- **DIRECTIONS**
Below is some data. Retype exactly the lines starting at the one with "Thermodynamics: Diesel Cylce: The" and ending at the one with "LV City Steamer PM Python Roccia Black".

- **GIVEN DATA**
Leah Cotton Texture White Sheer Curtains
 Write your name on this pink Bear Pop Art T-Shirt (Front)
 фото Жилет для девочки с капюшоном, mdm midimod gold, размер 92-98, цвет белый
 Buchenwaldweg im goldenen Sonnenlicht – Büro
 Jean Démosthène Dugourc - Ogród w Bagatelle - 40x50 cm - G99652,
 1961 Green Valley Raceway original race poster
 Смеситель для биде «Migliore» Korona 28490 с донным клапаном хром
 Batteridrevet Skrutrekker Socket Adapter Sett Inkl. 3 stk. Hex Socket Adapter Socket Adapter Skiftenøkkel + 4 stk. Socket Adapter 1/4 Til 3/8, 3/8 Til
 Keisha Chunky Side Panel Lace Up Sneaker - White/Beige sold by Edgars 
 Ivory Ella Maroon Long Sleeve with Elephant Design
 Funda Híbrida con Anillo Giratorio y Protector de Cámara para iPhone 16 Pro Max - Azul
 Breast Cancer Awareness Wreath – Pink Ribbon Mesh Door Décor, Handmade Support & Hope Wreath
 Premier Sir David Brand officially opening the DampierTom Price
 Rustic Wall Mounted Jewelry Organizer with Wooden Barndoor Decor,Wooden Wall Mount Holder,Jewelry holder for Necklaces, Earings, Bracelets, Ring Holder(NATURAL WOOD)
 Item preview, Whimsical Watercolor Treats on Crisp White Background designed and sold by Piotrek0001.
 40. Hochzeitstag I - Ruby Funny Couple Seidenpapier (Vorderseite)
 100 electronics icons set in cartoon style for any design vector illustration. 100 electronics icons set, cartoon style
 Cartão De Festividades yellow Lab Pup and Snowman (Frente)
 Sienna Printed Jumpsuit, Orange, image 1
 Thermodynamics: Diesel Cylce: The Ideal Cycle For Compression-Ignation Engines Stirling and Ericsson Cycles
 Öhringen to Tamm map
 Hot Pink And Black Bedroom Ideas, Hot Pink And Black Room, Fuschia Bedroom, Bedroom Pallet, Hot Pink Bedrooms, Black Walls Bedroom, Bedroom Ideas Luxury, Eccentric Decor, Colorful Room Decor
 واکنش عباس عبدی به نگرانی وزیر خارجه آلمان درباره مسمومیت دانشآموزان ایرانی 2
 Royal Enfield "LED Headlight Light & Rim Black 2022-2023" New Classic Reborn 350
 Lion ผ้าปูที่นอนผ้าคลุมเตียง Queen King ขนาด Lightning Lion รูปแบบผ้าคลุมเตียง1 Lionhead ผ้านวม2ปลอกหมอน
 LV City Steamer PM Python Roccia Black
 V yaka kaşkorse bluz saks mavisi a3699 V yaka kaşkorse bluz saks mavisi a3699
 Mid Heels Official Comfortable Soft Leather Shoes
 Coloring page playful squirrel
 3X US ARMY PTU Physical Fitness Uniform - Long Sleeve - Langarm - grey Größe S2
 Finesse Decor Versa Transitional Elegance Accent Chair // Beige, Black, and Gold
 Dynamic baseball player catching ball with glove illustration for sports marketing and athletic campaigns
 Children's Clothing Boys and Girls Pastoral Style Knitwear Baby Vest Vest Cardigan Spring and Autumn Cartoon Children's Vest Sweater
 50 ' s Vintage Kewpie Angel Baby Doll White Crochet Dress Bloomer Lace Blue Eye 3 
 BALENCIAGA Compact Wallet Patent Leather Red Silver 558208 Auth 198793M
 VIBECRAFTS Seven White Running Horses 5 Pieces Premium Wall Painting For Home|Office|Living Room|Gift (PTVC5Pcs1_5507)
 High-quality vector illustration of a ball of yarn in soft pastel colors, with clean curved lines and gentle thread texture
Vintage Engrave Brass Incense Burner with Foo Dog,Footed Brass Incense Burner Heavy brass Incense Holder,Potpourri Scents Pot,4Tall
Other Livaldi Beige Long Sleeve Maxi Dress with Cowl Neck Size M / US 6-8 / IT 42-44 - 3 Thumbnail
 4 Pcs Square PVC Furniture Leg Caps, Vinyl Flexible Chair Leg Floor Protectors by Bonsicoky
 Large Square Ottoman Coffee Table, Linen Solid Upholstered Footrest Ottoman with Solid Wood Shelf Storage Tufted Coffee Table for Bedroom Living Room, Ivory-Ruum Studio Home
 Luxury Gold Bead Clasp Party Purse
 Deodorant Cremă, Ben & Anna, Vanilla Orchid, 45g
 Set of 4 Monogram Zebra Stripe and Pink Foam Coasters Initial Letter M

- **WRITTEN ANSWER**
 Thermodynamics: Diesel Cylce: The Ideal Cycle For Compression-Ignation Engines Stirling and Ericsson Cycles
 Öhringen to Tamm map
 Hot Pink And Black Bedroom Ideas, Hot Pink And Black Room, Fuschia Bedroom, Bedroom Pallet, Hot Pink Bedrooms, Black Walls Bedroom, Bedroom Ideas Luxury, Eccentric Decor, Colorful Room Decor
 واکنش عباس عبدی به نگرانی وزیر خارجه آلمان درباره مسمومیت دانشآموزان ایرانی 2
 Royal Enfield "LED Headlight Light & Rim Black 2022-2023" New Classic Reborn 350
 Lion ผ้าปูที่นอนผ้าคลุมเตียง Queen King ขนาด Lightning Lion รูปแบบผ้าคลุมเตียง1 Lionhead ผ้านวม2ปลอกหมอน
 LV City Steamer PM Python Roccia Black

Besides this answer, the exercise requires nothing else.